We obtained yearly temporal statistics (minimum and maximum) of NDRE, NDVI, and NDWI from the European Data Portal (84). The indices are based on remotely sensed and processed Sentinel 2 images in 10 m resolution. The maximum indices of a relatively wet year (2016) and the minimum indices of a relatively dry year (2018) were integrated into the predictor dataset. In addition, we calculated the difference (maximum–minimum) within each of the 2 years and between 2016 and 2018.
According to Jacobs et al. (57) land use depends on soil texture. We derived categorical land use data from the CORINE land cover map. It offers classified satellite data in 100 m resolution. In Europe, it distinguishes 44 classes.

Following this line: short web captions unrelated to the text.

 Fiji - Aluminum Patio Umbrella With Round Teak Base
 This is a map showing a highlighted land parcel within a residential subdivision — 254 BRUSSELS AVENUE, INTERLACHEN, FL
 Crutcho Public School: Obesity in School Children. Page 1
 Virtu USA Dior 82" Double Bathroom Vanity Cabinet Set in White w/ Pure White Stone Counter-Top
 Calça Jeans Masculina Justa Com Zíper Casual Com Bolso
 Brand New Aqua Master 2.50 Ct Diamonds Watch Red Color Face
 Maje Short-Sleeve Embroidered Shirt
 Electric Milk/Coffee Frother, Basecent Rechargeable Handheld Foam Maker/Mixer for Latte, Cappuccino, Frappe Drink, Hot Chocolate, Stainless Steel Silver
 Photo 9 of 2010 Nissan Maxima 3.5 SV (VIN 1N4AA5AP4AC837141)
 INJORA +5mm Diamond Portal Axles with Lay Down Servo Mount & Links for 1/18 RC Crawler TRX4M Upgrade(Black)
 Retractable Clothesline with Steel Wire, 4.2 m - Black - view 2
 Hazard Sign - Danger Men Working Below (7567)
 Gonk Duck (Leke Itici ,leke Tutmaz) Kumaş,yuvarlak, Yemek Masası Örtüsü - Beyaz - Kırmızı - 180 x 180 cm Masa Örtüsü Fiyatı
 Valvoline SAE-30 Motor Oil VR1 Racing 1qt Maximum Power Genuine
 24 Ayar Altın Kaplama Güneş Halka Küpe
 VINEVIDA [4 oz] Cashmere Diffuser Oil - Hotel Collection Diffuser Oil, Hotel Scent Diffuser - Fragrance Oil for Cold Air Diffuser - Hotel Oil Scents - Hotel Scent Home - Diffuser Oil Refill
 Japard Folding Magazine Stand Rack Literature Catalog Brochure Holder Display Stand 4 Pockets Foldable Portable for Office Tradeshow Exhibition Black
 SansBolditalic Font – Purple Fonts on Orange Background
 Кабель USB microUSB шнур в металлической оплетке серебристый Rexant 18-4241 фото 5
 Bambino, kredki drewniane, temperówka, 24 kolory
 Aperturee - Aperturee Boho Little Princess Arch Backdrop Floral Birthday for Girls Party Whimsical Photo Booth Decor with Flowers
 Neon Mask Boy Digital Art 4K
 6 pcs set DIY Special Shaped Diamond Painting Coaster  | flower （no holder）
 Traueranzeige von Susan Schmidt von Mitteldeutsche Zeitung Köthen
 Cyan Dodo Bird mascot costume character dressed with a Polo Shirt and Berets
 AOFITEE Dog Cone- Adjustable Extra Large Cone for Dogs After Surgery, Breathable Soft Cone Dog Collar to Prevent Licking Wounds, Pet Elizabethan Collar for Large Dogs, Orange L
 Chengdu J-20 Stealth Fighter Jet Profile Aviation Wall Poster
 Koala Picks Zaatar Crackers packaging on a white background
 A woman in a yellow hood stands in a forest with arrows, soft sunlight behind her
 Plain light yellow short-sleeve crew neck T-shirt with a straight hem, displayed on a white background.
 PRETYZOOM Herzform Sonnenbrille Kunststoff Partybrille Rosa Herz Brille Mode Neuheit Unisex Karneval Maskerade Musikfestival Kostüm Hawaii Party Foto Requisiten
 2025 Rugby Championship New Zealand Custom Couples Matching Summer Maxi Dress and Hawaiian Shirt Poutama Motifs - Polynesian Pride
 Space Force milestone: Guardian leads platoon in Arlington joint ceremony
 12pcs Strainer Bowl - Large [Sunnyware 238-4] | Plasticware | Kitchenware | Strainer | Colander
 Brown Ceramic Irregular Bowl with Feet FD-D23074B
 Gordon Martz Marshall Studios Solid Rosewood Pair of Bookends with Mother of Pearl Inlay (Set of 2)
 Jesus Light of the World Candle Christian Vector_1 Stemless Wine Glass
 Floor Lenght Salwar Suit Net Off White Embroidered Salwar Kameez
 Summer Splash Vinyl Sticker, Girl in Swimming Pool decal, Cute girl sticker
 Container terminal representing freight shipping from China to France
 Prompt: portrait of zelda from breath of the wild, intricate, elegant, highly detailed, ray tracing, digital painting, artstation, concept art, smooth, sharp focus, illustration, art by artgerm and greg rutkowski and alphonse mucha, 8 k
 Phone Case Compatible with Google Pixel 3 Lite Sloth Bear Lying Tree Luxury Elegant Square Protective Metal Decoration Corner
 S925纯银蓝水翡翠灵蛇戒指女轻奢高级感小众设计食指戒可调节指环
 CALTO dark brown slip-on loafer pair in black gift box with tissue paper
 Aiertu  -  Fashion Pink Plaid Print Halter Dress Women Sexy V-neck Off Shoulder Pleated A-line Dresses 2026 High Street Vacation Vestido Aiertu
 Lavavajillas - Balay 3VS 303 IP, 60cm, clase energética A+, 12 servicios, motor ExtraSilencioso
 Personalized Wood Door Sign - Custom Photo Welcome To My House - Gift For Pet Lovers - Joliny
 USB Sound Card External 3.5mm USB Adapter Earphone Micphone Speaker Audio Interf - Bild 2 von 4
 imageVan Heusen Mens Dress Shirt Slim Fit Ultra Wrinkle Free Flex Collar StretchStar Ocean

The influence of the climate was included in the predictor dataset by three quantitative variables: long-term averages of precipitation and temperature in 2 m height and wind speed in 10 m height. Precipitation and temperature influence the chemical and physical weathering processes which in turn can result in different particle sizes (2). In addition, precipitation provides the input for water erosion. Wind speed is directly related to wind erosion.
Three gridded precipitation datasets (85–87) and three gridded temperature datasets (88–90) were obtained from the climate data center (CDC) of the national meteorological service of Germany (DWD). The multi-annual datasets with 1 km resolution are based on quality-checked meteorological observations that were interpolated using the elevation data (91). We summarized the three interpolations by calculating the long-term (1961–2010) means of precipitation and temperature. Gridded wind speed data in 200 m resolution was also obtained from the CDC (92). It was modeled from quality-checked meteorological observations (93).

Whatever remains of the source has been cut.